Nick’s recipe is one of the few that I follow to the letter, with the exception of doubling the garlic, of course. You can see his recipe at this link.
Admittedly, the list of 22 ingredients looks intimidating, but all the ingredients can be had at Your DeKalb Farmers Market, the recipe is easy to follow and will be a guaranteed success with these tips:
- I cut the recipe in half or it won’t fit in my pan; you really do need the right pan for this: there are several traditional paella pans available at this hotpaella.com, or you can use a heavy bottom 5-quart sauteuse pan (Calphalon doesn't appear to be offering this in anodized aluminum anymore, but can hook you up with a Le Crueset 5-quart brasier or something else suitable)
- At YDFM, you have to ask for the saffron at the pastry counter and pay cash for it there
- The clam juice sold in the cooler next to the shellfish counter (the one with the fresh crabmeat and shucked oysters) is better than the bottled or canned clam juice; it’s more than you’ll need but you can freeze the excess
- One day I was at YDFM and a Spanish woman told me that paella should only be made with Valencia rice; YDFM doesn’t sell this rice, but you can order it online at this link. If you use the Valencia rice (or other medium grain rice like Arborio), add a cup more liquid to a half recipe (I usually just use all the tomato sauce in the 14 oz. can and increase the chicken stock to make up the additional cup)

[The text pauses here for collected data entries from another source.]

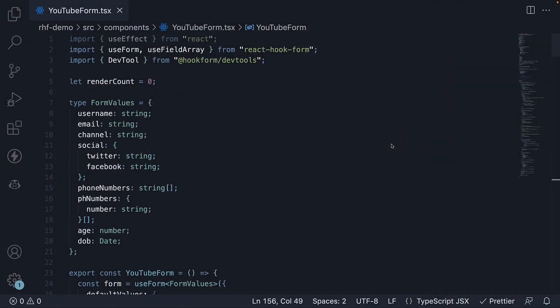Now that we have covered enhancements related to form state, let's move on to enhancements possible for form submission. In this video, we will learn how to handle submission errors.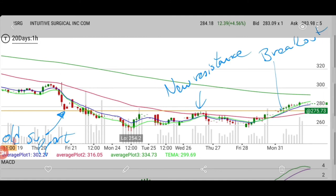ISRG — we alerted for next week's expiration because sometimes it just doesn't move as much intraday as we'd like, so we gave it time to fill the gap to the upside. But the 275 line got broken and it moved intraday to around 285, so about $10 up, which is a very decent move for ISRG. We're still in this one — it was very nice to have on the watch list.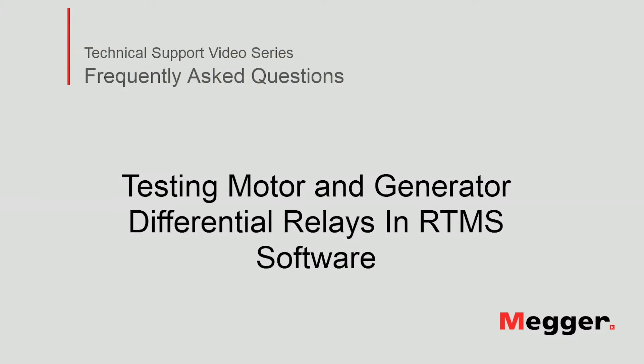Hello, welcome to Megger's technical support video series, Frequently Asked Questions. In this video, we will discuss how to test differential relays in RTMS software. Now let's get started.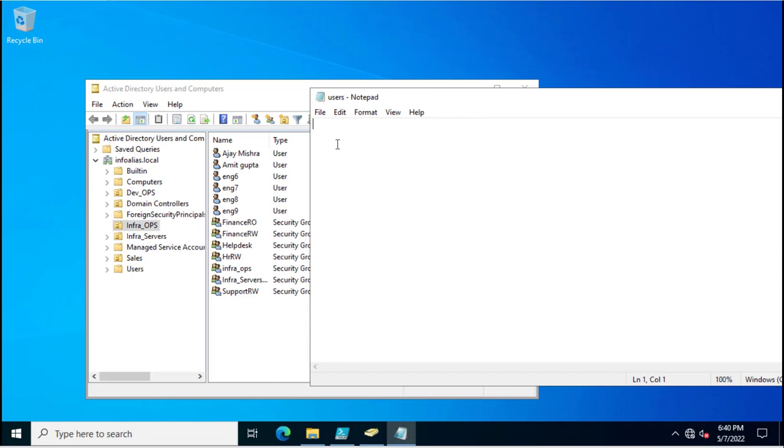This is eng6, eng7, eng8, eng9. So we want to delete these 4 users from my Active Directory.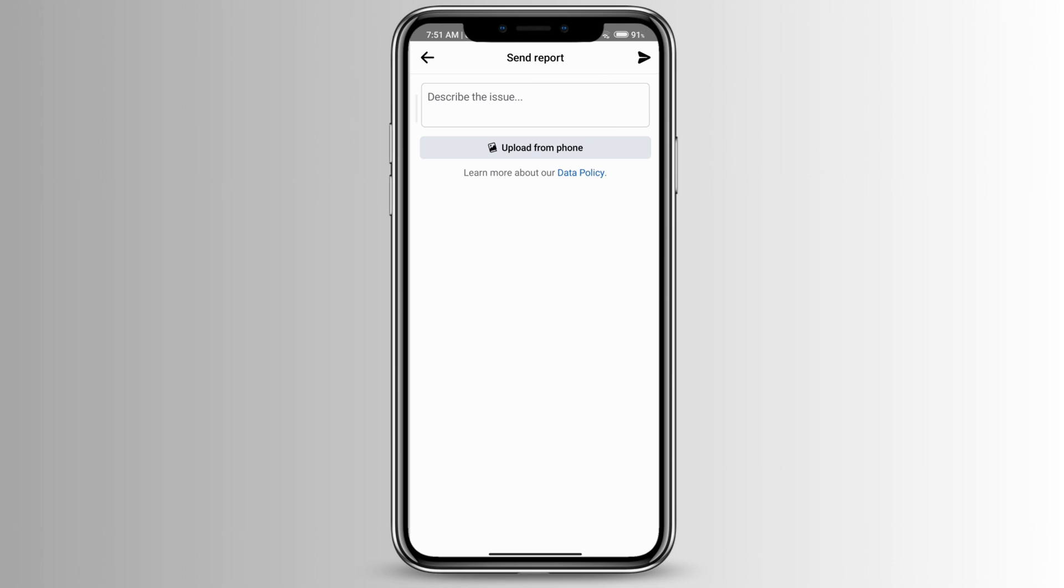If this is only happening to some people and not to everyone, then it might be because the person has changed their settings where only certain people will be able to send friend requests to them, like only if you have mutual friends.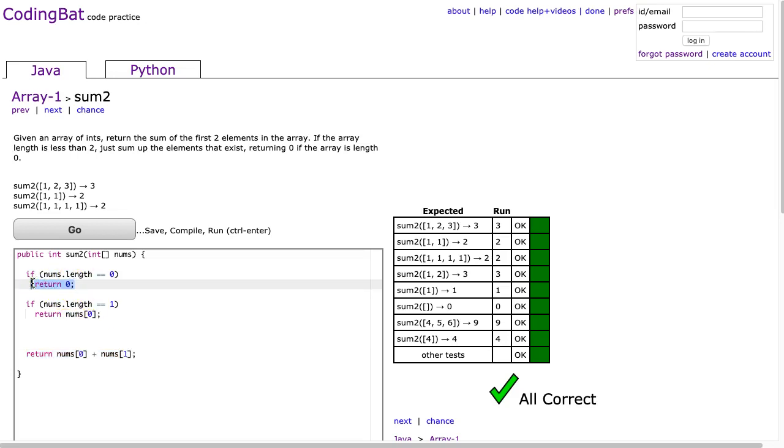So if I enter this if statement, I'm not coming out. If I enter this if statement, I'm not coming out. So the only way I'm going to make it down here is if these two if statements evaluate to false.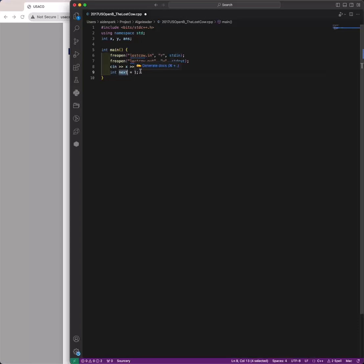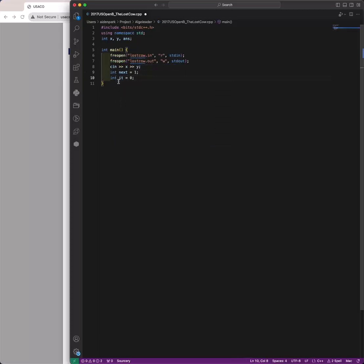In the first iteration, 'next' is going to be one, and then it's going to become two, four, eight, and so on. The second variable is called 'it', which will tell us whether Farmer John is moving to the right or moving to the left.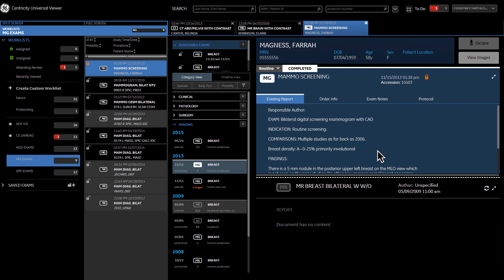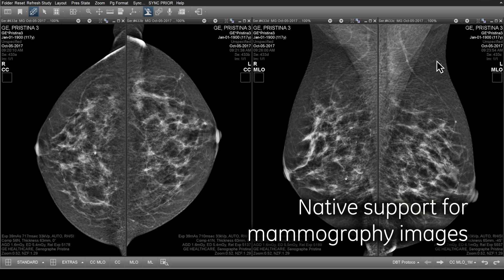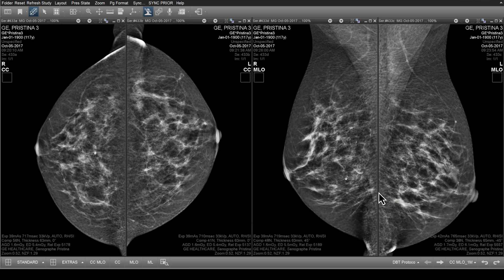Upon opening a mammography exam, images are loaded into the image viewer and automatically aligned to the chest wall. To make reading easier, smart algorithms hide as much of the image background as possible and apply the same scale for all images across the layout. Viewport annotations are positioned to avoid overlaying the breast tissue.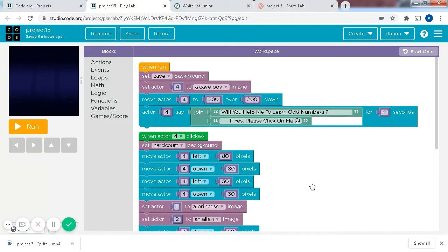Hi friends, welcome to my channel, Bonyo's Tiny Hands. Today, we'll be looking at Project 15 from White Hat Jr. So let's get into the video.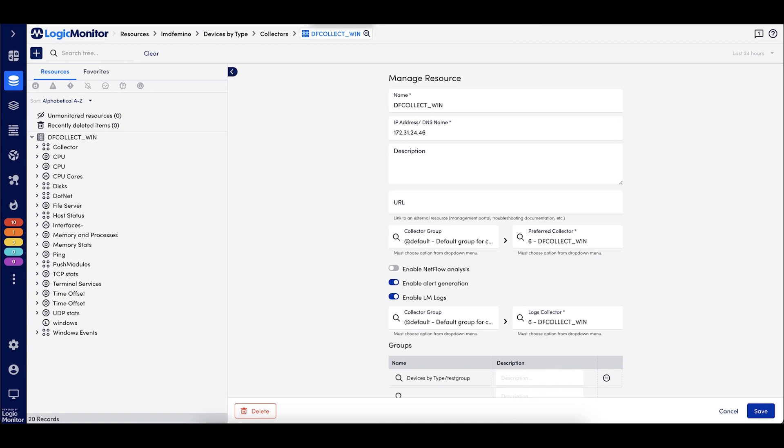So in summary, log sources are a new logic module designed to make log collection much easier. We're able to define log sources and apply them on specific resources for unique configurations and filters and make that information easier to filter and query within LM logs. Thank you.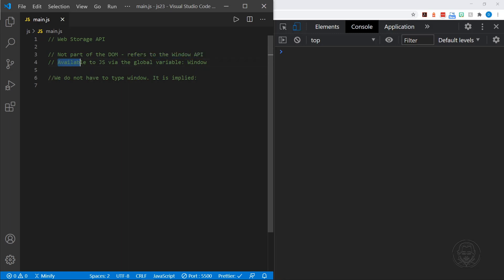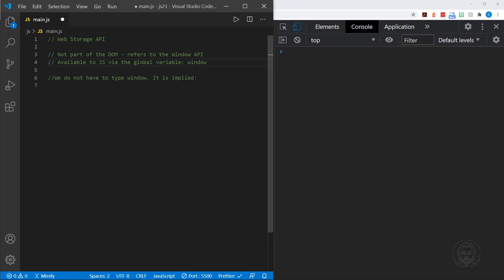It's currently available to JavaScript via the global variable window. And really we want to refer to window with lowercase. So I'm going to change that. We do not usually have to type window though. It's implied. And therefore when we have worked with it in the past, you haven't seen me type the word window. But let's look at an example of this.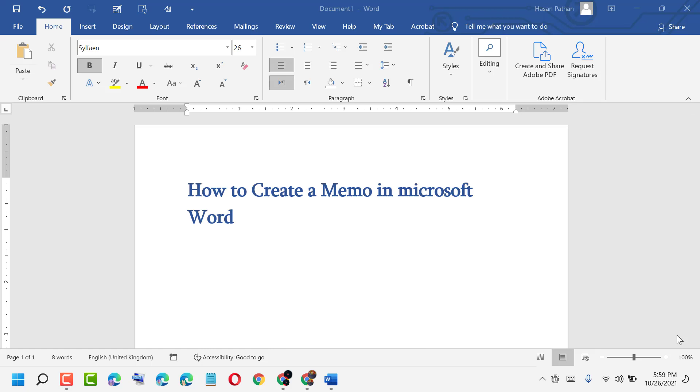Hi guys, today in this video I'm going to show you how to create a memo in Microsoft Word. It's a very easy and simple method. First, go to File - here you see the File option is available.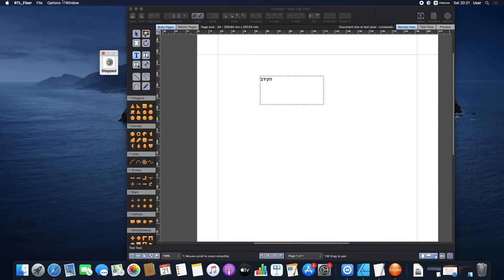By default, Right-to-Left Fixer is enabled for Affinity Designer, Affinity Photo, and Affinity Publisher.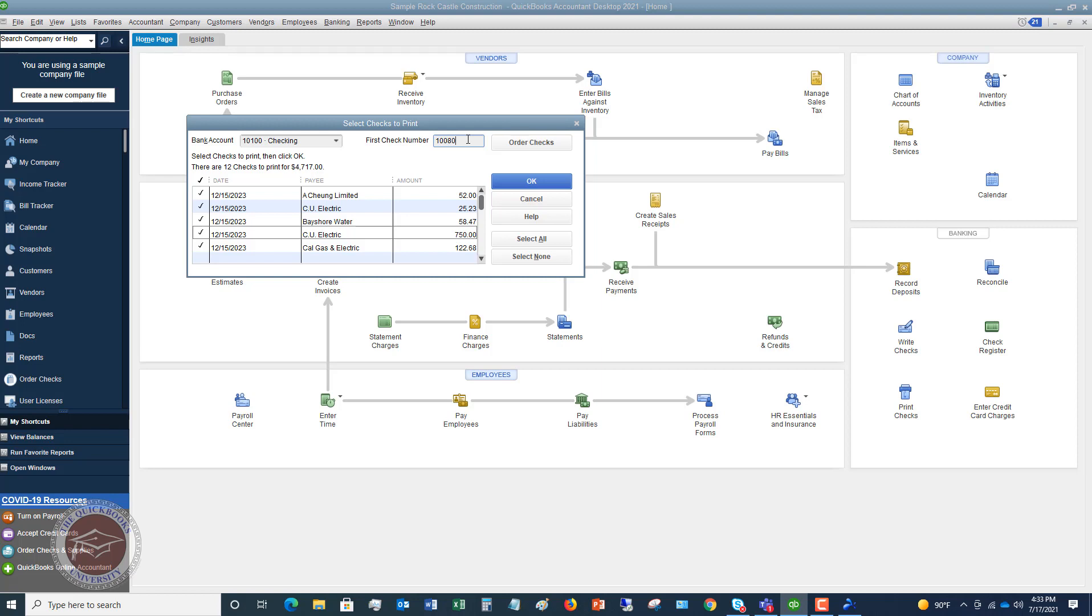You want to make sure that this matches the first check number on your check stock that's gonna be printed. Then what you're gonna do, you're gonna put your check stock into the printer. And you're gonna click OK and it's going to print these checks. And then you're done. And it's gonna clear them out of the queue. So that next time you go to print checks, it should put the next check number in there. And you should be good to go.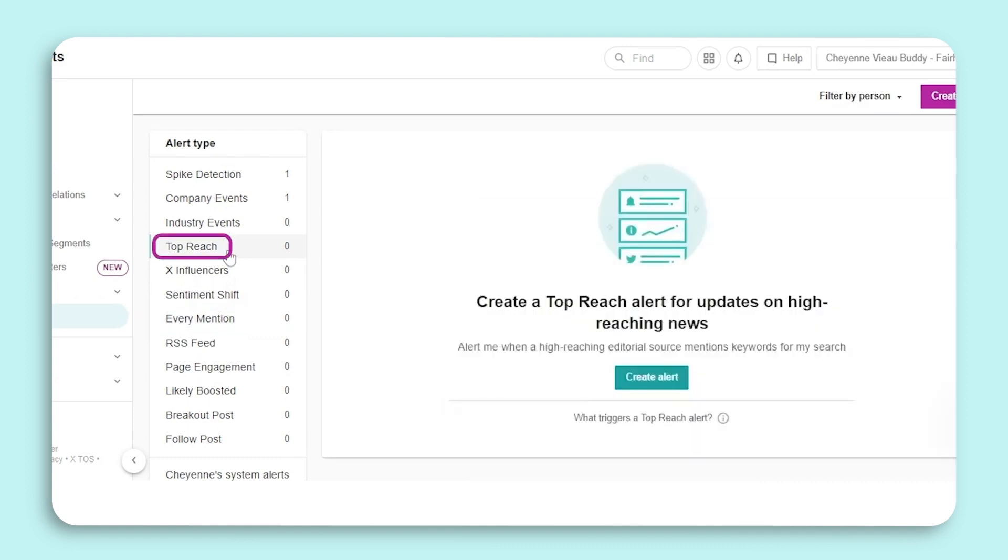News articles about your organization can reach a wide audience. This is where the Top Reach Article comes in. It's important to be aware of what has been published so you can inform executive leadership.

- Plan for the whole operation to take one and a half to two hours, most of which is prep time—assigning one’s partner to clean the shellfish is a great timesaver
- If you’re entertaining, get all the prep done in advance and put the cleaned clams and mussels on ice; follow the recipe up until the point where you’re supposed to add the rice, turn off the heat and put the sausage, chicken and shrimp in the refrigerator; when you are 20 minutes away from serving, turn the heat back on and when bubbling, add the rice and finish the recipe
- If you are going all out, you can add lobster tails: cut tails in half with a cleaver, planning on one half-tail per person
- In the finished dish, the bottom of the rice is supposed to form a crust (called socrato) and is considered the best part of the paella because of the concentrated flavor and nice crunch
- Place one or more bowls on the table for the discarded shells
Truly impressive at the table and on the tongue, your paella will be even better if enjoyed by an appreciative crowd while listening to the Gipsy Kings and sipping Spanish red wine.